Comments on version 0.1
[ ¤623]
[ ¤624] (r_kumpf) What about this PEP is specific to CIM-XML? Why would the IndicationService care about the type of the listener destination?
[ ¤625] (venkat_puvvada) There is no reason for not supporting the other Listener destination types. I am not sure how best we can match these parameters for Email and SNMP handlers, so i decided not include support for them at this stage.
[ ¤626]
[ ¤627] (r_kumpf) Do indications continue to be retried for delivery after the associated CIM_IndicationSubscription and CIM_ListenerDestination instances are deleted?
[ ¤628] (venkat_puvvada) No, indications will be discarded.
[ ¤629]
[ ¤630] (r_kumpf) What is the rationale for persisting indications across cimserver restarts? When the cimserver is stopped, indications will cease to be generated. When it is restarted, the listener may receive stale indications and not receive more current ones for events that occurred while the cimserver was stopped. This could result in an administrator getting paged about a critical problem that was fixed months earlier.
[ ¤631] (venkat_puvvada) The reason for persistence of indications is client may not want loose any indications. Client must be intelligent enough to discard out of date indications by looking at timestamp of delivered indication.
[ ¤632]
[ ¤633] (r_kumpf) The traceFilePath is a poor choice for a directory to persist data needed for CIM Server operation. This directory is generally world writable.
[ ¤634] (venkat_puvvada) yes, i agree, this needs to be discussed.
[ ¤635]
[ ¤636] (r_kumpf) What are the contents and format of this file? How is compatibility protected on CIM Server upgrade?
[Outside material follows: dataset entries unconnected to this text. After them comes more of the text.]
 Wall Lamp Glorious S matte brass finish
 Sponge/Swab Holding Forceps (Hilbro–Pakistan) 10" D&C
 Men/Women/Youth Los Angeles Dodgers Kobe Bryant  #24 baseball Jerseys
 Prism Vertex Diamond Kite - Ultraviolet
[ ¤637] (venkat_puvvada) The file will have Handler , subscription and Indication(with content language list added to indication instance) instances in XML form. Indications are saved for each subscription under for each listener destination. It will be compatible with CIMServer upgradation.
[ ¤638]
[ ¤639] Comments on version 0.2
[ ¤640]
[ ¤641] (r_kumpf) Doesn't the CIMHandleIndicationRequestMessage already contain all the information that is needed to deliver the indication? The only extra data the IndicationService should need to track is related to the retry algorithm. What am I missing?
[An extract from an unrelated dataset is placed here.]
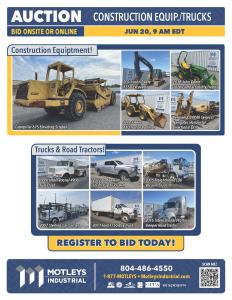 Image for Construction Equipment and Trucks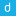 Favicon van deltamilieu.nl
[ ¤642] (venkat_puvvada) CIMHandleIndicationRequestMessage does not have the following information.
[ ¤643] subscriptionInstanceNames
[ ¤644] providerName
[ ¤645] pendingRetryCount
[ ¤646] These are required to construct CIMProcessIndicationRequestMessage request again.
[ ¤647]
[ ¤648] (r_kumpf)  How is it determined which exceptions indicate an indication delivery failure? For example, why does CannotCreateSocketException cause a retry but not bad_alloc?
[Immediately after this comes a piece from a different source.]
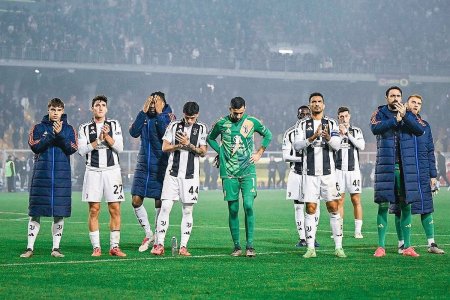 A scapat victoria printre degete! Juventus, egalata la ultima faza de formatia care lupta pentru evitarea retrogradarii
[ ¤649] (venkat_puvvada) Though its difficult to examine the CannotCreateSocketException , its possible that we can retry when socket() returns errno with ENOBUFS or ENOMEM means resources at TCP/IP layer/memory exhausted and can be retried later.
[ ¤650]
[ ¤651] (r_kumpf) Is there a strict requirement that a given indication is delivered at most once for a given subscription?
[ ¤652] (Venkat_puvvada) yes
[ ¤653]
[ ¤654] (k_schopmeyer) I think that there are many parts of this algorithm that are not part of that description (ex. what happens when subscription is deleted).
[ ¤655] (venkat_puvvada) Indications will be discarded
[ ¤656]
[ ¤657] (r_kumpf) It is not obvious to me that the desired behavior would be to stop trying to deliver an indication after a subscription is deleted. This kind of information is important to document in the proposal, along with the rationale for the decision.
[ ¤658] (venkat_puvvada) Sure, i will add in the next version of the PEP.
[ ¤659]

[ ¤660] Comments on version 0.3
[ ¤661]
[ ¤662] (k_schopmeyer) Nit. This is only one component in moving from 'sort of best effort' to reliable delivery. I suggest that this is simply improving the protocol so that deliveries can be accomplished in case of 'temporary' errors in the protocol and not really reliable delivery.
[ ¤663] (venkat_puvvada) ok
[ ¤664]
[ ¤665] (r_kumpf) Why is the HandlerRetryQueue logic in the IndicationService? Retrying delivery seems like it should be the IndicationHandlerService's job. I think it is more of a protocol-level thing than an indication processing thing.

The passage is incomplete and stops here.